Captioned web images
* * *

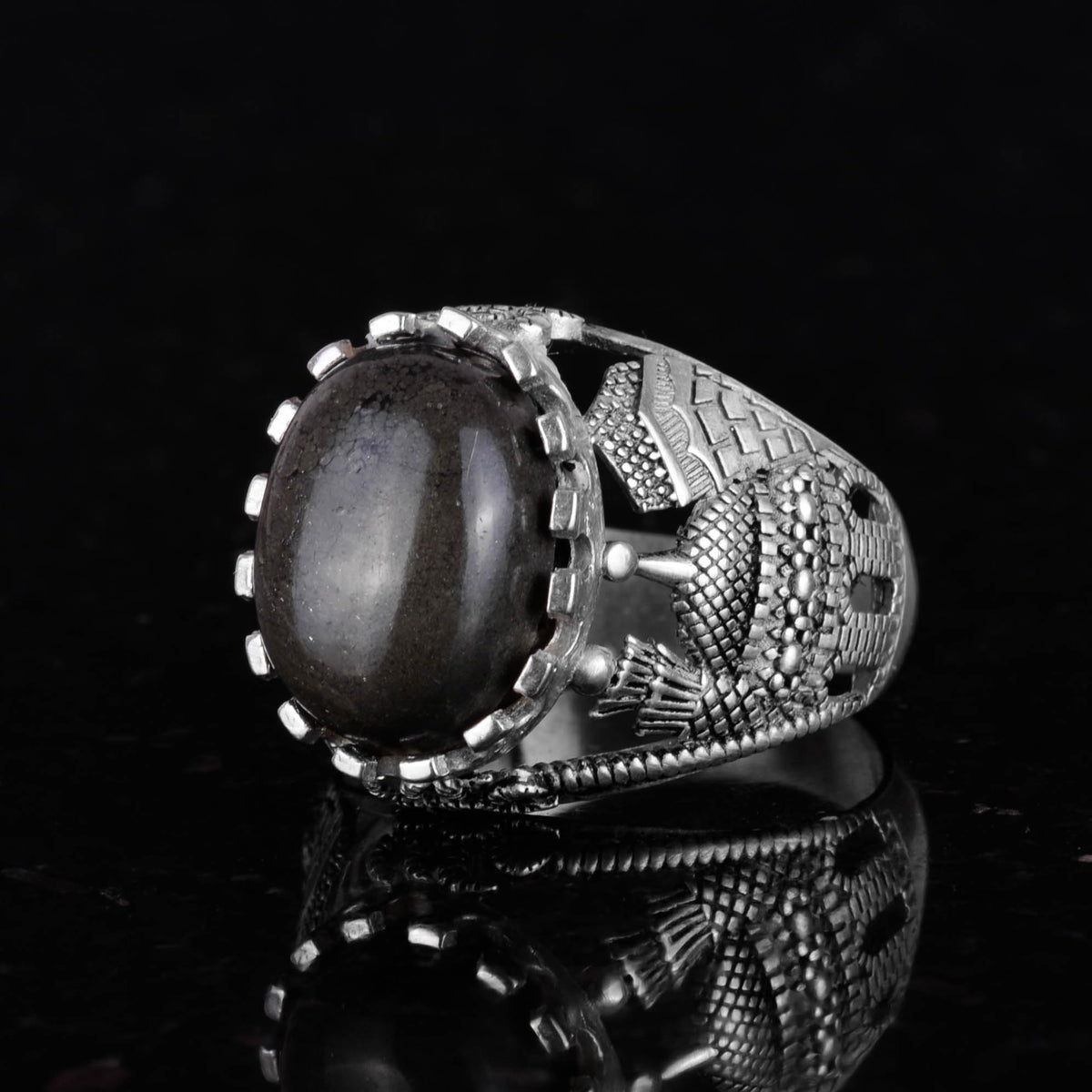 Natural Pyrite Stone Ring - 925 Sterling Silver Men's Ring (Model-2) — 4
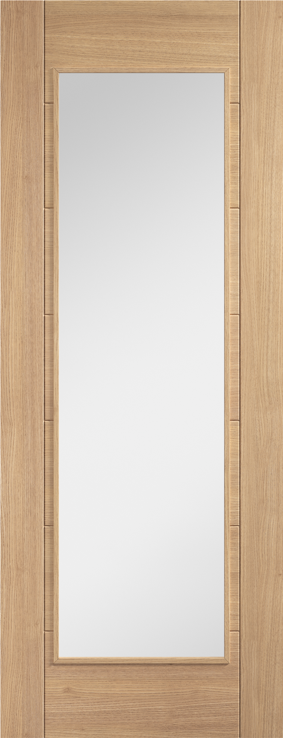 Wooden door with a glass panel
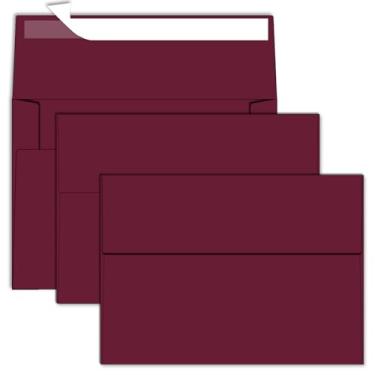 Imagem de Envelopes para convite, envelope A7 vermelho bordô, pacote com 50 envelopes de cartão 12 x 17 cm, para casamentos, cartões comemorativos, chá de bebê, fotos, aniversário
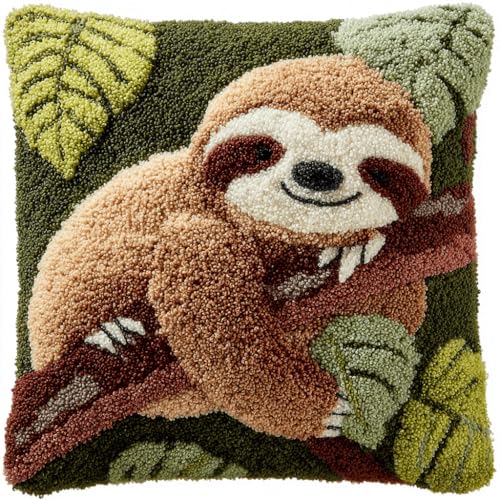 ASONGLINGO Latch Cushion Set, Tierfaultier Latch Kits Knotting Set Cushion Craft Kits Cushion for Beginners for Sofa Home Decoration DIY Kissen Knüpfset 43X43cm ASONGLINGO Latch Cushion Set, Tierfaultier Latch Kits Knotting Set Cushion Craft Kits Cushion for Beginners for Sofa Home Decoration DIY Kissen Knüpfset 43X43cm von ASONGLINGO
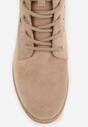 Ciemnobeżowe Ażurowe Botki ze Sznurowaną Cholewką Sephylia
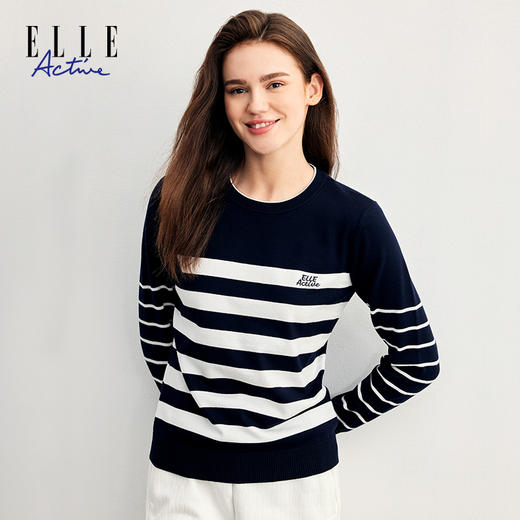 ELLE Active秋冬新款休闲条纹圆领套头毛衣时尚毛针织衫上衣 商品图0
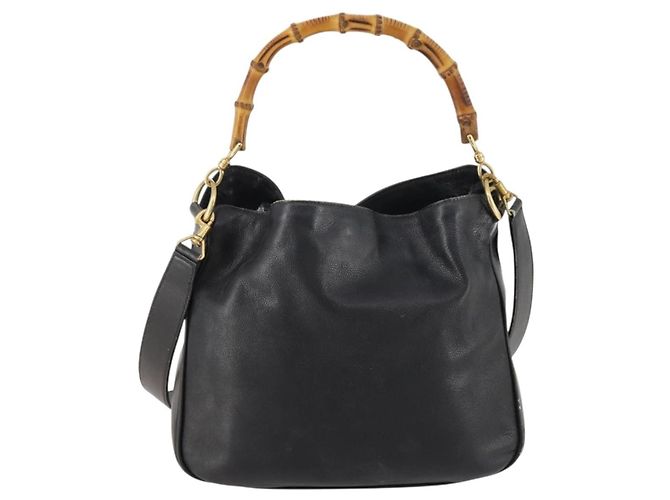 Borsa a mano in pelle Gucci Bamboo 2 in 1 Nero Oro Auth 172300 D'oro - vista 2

* * *

» **Exercise**
Starting at the line that contains "Wooden door with a glass panel", reproduce every line through the last one in the records exactly, and omit all pictures.

» **Answer box**
 Wooden door with a glass panel
 Imagem de Envelopes para convite, envelope A7 vermelho bordô, pacote com 50 envelopes de cartão 12 x 17 cm, para casamentos, cartões comemorativos, chá de bebê, fotos, aniversário
 ASONGLINGO Latch Cushion Set, Tierfaultier Latch Kits Knotting Set Cushion Craft Kits Cushion for Beginners for Sofa Home Decoration DIY Kissen Knüpfset 43X43cm ASONGLINGO Latch Cushion Set, Tierfaultier Latch Kits Knotting Set Cushion Craft Kits Cushion for Beginners for Sofa Home Decoration DIY Kissen Knüpfset 43X43cm von ASONGLINGO
 Ciemnobeżowe Ażurowe Botki ze Sznurowaną Cholewką Sephylia
 ELLE Active秋冬新款休闲条纹圆领套头毛衣时尚毛针织衫上衣 商品图0
 Borsa a mano in pelle Gucci Bamboo 2 in 1 Nero Oro Auth 172300 D'oro - vista 2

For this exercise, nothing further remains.